__EXERCISE BRIEF__
The entries below contain a line with "2 набора открыток" and a line with "Medical examiner data". Retype exactly everything from the first down to the second, both included, and nothing else.
Segment Start: SOURCE MATERIAL
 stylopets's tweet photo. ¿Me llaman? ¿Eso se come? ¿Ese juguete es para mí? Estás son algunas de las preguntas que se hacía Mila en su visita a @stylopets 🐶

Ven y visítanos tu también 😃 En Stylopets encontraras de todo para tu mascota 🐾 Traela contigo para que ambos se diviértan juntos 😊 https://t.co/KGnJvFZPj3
Segment End: SOURCE MATERIAL
Segment Start: SOURCE MATERIAL
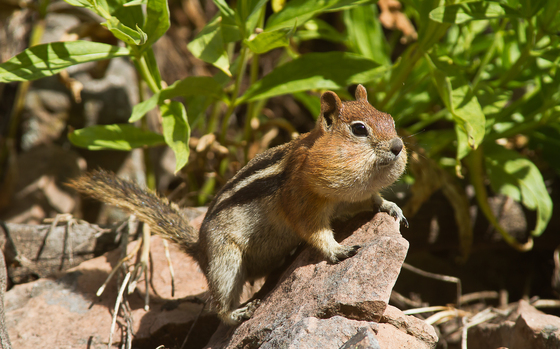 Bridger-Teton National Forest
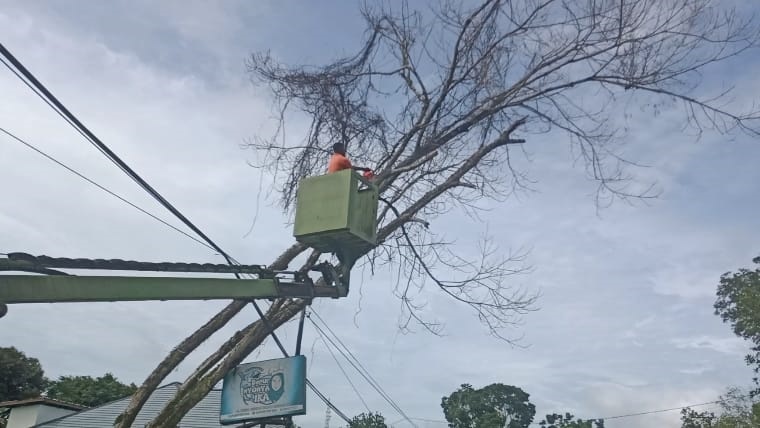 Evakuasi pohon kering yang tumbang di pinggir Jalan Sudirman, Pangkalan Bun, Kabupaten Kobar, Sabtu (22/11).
Segment End: SOURCE MATERIAL
Segment Start: SOURCE MATERIAL
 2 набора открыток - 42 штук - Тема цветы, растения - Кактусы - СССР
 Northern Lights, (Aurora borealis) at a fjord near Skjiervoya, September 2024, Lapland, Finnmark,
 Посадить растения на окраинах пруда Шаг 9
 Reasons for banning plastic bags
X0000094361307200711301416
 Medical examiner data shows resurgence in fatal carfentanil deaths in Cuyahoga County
Segment End: SOURCE MATERIAL
__WORKED SOLUTION__
 2 набора открыток - 42 штук - Тема цветы, растения - Кактусы - СССР
 Northern Lights, (Aurora borealis) at a fjord near Skjiervoya, September 2024, Lapland, Finnmark,
 Посадить растения на окраинах пруда Шаг 9
 Reasons for banning plastic bags
X0000094361307200711301416
 Medical examiner data shows resurgence in fatal carfentanil deaths in Cuyahoga County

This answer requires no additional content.